# Lab sp. Mbamba Yellow top labs?



## SKurj (Oct 26, 2011)

I have a breeding group of yellow top labs that have become a bore...

Its 6 females, I think 3 males, and 1 juvie (one surviving fry) These are smaller mbuna, I think the largest is under 4", maybe closer to 3" I've had them 6 months (all from Mike)

They are housed in a 46g corner tank which gives them lots of room to hide in the back. I think because they are so active breeding, (there are always females holding) this makes them skittish.
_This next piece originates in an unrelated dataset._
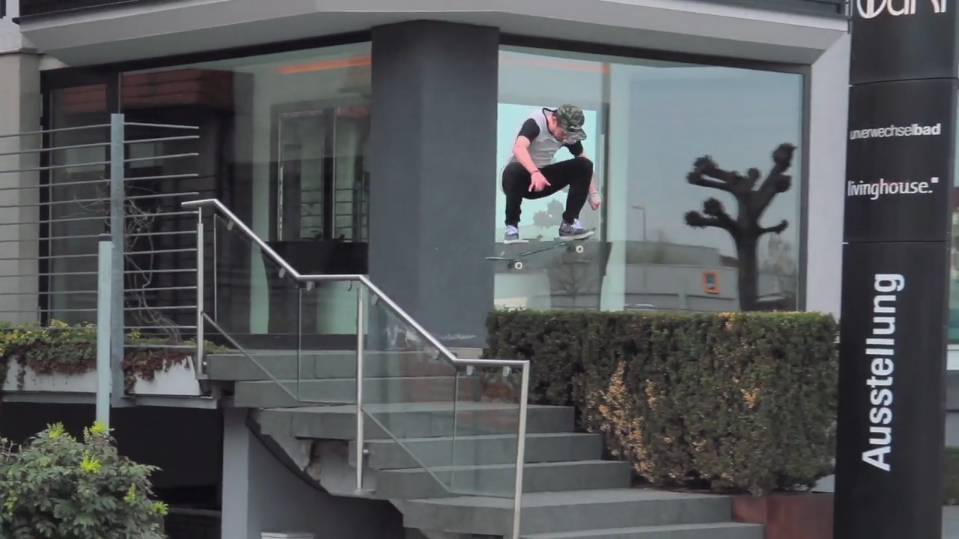 Screenshot 2015-10-17 14.15.04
So at the moment I am considering selling the group, and converting the tank to a small tang community with a few calvus which I already have and mebbe a leleupi and a julie.
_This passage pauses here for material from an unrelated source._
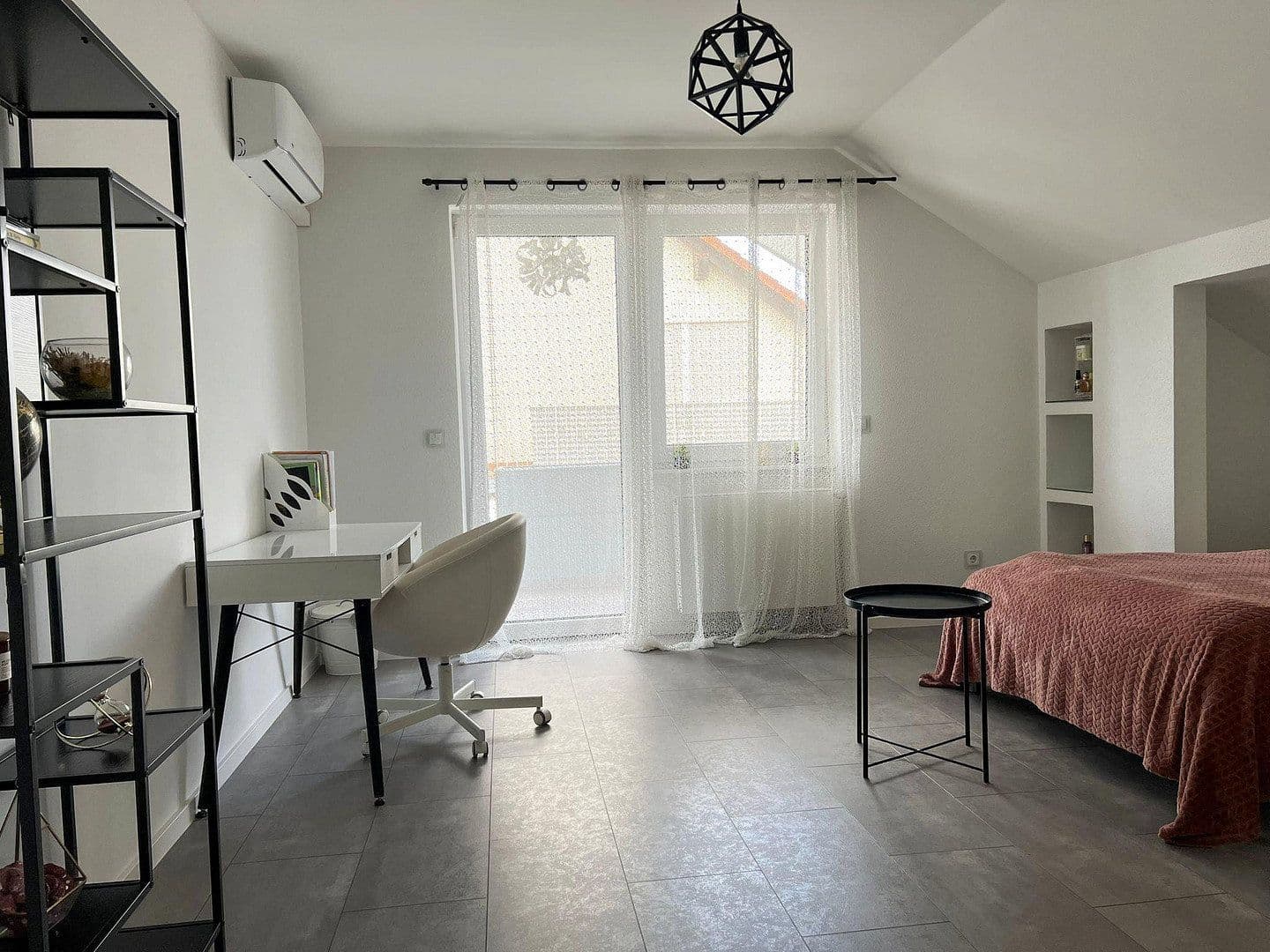 house for sale, 225 m², Mutterstadt, Rhineland-Palatinate house for sale, 225 m², Mutterstadt, Rhineland-Palatinate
Just a feeler if anyone would be interested, I think they would be fine in a typical rectangle tank, but I can't replace the tank.(and at my limit for tanks)


----------



## cichlidspiro (May 11, 2011)

I might buy them but can I get some pictures 


Cheers 
Spiro


----------



## SKurj (Oct 26, 2011)

Hey Spiro..

If I can I will, can't promise if they will be very close up but will do what i can hopefully over the weekend


----------



## cichlidspiro (May 11, 2011)

Great, 
I Appreciate the effort 


Cheers 
Spiro


----------



## SKurj (Oct 26, 2011)

An effort its going to be!

I can get photos from 6ft away while I sit here but they aren't very good... Soon as I approach the tank they hide... Which is the main reason for selling them..

I'll keep at it..


----------